# The ONE Thing by Gary Keller: The 3 Ideas That Actually Changed How I Work

> Source: [https://icharles.com/articles/the-one-thing-by-gary-keller-the-3-ideas-that-actually-changed-how-i-work](https://icharles.com/articles/the-one-thing-by-gary-keller-the-3-ideas-that-actually-changed-how-i-work) (canonical)
> Author: Chuck — iCharles, https://icharles.com
> Published: 2017-01-20 · Updated: 2026-07-07

This book sat in my Amazon cart for two years. I kept scrolling past it. Then someone I actually respect in this industry told me point blank — dude, you have to read this. So I did, and it's one of the better books I've read in the last five years. I wish I'd picked it up sooner.

Quick context on why Gary Keller has credibility with me: he built Keller Williams, one of the biggest real estate firms in the world. Meanwhile I run my own shop with one office in Manhattan, competing against legacy names like Corcoran and Brown Harris Stevens. Different scale, same game. So when a guy who built that big talks about focus, I listen.

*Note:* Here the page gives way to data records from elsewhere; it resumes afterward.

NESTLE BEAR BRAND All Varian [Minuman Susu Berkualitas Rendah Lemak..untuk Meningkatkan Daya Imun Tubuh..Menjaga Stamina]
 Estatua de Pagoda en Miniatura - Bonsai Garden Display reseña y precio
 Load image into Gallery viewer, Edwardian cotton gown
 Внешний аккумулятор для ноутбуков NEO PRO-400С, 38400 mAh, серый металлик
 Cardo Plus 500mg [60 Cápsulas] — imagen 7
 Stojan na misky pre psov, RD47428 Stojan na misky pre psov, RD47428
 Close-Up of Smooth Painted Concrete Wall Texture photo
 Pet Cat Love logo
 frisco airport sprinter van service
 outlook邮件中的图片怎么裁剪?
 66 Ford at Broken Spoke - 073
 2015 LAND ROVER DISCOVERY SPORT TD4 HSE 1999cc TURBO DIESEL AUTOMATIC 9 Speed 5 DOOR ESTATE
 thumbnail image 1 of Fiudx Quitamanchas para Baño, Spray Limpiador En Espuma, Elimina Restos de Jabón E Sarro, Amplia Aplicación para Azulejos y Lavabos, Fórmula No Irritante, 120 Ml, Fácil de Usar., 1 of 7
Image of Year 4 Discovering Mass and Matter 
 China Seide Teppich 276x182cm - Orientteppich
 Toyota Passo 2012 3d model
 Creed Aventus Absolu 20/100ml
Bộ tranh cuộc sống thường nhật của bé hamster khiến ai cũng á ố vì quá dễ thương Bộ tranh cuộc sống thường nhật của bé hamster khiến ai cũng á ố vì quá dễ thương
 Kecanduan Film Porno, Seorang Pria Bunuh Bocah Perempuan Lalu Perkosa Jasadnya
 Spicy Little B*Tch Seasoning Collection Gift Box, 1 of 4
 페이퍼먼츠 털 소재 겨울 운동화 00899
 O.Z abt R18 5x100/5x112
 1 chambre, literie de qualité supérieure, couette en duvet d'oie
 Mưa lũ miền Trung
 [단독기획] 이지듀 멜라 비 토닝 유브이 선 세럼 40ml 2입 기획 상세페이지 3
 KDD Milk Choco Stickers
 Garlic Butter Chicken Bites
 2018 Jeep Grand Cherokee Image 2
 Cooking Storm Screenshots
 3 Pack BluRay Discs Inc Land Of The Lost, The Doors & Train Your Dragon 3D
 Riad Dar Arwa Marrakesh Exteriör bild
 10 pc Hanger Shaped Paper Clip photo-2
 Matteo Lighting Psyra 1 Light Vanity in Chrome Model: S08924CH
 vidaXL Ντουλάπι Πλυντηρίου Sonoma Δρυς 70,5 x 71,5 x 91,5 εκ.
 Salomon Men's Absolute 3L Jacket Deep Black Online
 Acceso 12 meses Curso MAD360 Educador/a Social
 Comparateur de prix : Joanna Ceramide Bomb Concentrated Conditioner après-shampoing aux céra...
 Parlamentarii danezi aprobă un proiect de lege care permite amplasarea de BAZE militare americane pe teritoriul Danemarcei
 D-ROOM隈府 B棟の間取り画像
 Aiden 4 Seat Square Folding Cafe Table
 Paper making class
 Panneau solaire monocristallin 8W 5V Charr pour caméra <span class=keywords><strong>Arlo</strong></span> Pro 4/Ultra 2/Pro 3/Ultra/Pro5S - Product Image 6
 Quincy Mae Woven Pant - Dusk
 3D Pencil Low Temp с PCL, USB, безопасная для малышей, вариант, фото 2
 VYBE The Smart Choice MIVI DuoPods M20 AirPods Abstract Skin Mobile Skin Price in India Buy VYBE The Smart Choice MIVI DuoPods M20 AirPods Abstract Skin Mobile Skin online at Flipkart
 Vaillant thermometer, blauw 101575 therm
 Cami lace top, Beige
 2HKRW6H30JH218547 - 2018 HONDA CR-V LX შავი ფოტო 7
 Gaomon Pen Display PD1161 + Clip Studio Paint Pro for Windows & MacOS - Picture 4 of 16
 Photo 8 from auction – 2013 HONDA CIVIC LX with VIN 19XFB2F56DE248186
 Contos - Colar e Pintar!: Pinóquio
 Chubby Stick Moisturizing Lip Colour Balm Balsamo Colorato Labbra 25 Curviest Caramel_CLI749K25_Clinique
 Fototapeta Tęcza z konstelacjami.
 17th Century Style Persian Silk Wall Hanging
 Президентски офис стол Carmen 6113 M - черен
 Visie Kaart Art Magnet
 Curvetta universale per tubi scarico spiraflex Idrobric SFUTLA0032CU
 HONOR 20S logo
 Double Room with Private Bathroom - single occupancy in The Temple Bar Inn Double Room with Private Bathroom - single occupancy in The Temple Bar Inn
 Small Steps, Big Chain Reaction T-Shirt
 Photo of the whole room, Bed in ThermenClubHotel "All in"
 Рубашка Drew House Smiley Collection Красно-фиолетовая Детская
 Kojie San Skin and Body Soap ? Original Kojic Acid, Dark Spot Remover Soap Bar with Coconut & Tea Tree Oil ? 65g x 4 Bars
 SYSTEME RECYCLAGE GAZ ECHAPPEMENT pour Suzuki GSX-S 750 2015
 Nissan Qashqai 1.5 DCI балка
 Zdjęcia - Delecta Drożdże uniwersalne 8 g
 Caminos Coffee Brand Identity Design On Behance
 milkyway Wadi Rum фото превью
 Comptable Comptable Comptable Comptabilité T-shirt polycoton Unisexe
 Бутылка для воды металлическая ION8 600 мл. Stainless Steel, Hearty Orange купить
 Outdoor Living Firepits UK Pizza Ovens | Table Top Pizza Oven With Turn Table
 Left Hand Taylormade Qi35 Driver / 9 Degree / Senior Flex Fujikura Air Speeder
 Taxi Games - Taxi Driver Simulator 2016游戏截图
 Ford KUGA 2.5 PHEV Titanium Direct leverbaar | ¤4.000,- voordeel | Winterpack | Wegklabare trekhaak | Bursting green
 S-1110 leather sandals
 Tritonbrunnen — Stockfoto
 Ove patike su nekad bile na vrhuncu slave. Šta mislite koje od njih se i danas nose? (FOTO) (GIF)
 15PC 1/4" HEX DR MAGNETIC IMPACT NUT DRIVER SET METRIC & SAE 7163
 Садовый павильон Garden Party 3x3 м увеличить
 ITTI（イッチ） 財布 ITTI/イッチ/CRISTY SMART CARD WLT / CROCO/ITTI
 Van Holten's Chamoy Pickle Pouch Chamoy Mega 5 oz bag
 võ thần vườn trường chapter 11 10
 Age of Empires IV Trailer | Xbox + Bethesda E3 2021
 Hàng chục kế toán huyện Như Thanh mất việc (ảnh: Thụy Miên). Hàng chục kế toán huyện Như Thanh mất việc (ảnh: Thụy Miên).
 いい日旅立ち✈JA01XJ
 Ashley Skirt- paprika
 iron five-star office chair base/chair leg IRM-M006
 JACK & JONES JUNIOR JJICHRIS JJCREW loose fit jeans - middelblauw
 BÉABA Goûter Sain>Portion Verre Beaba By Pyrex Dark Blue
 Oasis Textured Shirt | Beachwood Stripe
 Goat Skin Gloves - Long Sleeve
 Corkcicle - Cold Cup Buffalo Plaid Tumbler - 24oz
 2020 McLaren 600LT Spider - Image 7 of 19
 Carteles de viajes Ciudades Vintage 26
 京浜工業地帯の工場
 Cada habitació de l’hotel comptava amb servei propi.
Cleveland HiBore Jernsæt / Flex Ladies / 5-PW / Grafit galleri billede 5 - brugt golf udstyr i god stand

## Multitasking doesn't exist

Keller opens by tearing down the myths we all operate under, and the first one hit me immediately: multitasking isn't real. Try to think about two things at the exact same moment — you can't. You think about one, drop it, think about the other. Same with activity. You're not producing show sheets and prospecting for business at the same time, you're doing one, then the other, badly, while telling yourself you're being efficient.

Grant Cardone talks about this too — when he's with his family, he's with his family 100%. Not thinking about work, not thinking about the gym. When he's at work, he's at work 100%. I try to run the same way now. When I'm on an appointment, I'm on the appointment. When I'm checking email, that's all I'm doing. Everything else gets shut off.

## Willpower is a battery — spend it on your one thing, first

Willpower isn't some fixed trait, it's your ability to say no when you should be saying yes — salad over donuts, sales calls over social media. And it drains all day like a battery. That's why you're disciplined at 8am and pouring a beer by 6pm. You didn't get lazy, you ran out of juice.

So your one thing — the single highest-leverage task — has to happen first, in the morning, before the battery drains. This connects directly to Brian Tracy's *Eat That Frog*: do the big thing you've been avoiding before you touch anything else. No email, no admin, nothing that doesn't move you toward your actual purpose.

## Compounding beats bursts

Keller uses the penny example — double a penny every day for 30 days and you're at roughly $7 million by the end. Small, consistent inputs compound into something absurd.

Applied to work: one hour of sales calls every single day, Monday through Friday, beats one five-hour blitz on a Friday. You can't sustain five hours because your willpower drains long before you finish. Spread it out and it compounds instead. If this idea grabs you, Keller points to *The Compound Effect* by Darren Hardy and *The Slight Edge* by Jeff Olson as deeper reads on the same principle.

## The 80/20 rule cut my task list in half

Pareto's principle: 80% of your results come from 20% of your activities. Once I actually sat with that, it was brutal — I realized most of what filled my day was miscellaneous busywork that produced zero business. Social posting, tidying show sheets, sitting in the office. None of it moved the needle like proactive outreach and follow-up did.

## The takeaway

Have a big picture — mine is $15 billion in real estate sales over 15 years — and reverse-engineer your one thing from it. For me that's sales calls, every morning, before anything else touches my attention. Shorten your deadlines too: if you said six months, make it three. If you said tomorrow, do it today. We only get one shot at this.

If you're running a business, managing a team, or just feel like your day gets eaten by things that don't matter, read this one. It's short, it's practical, and it'll change what you do with your first hour tomorrow morning.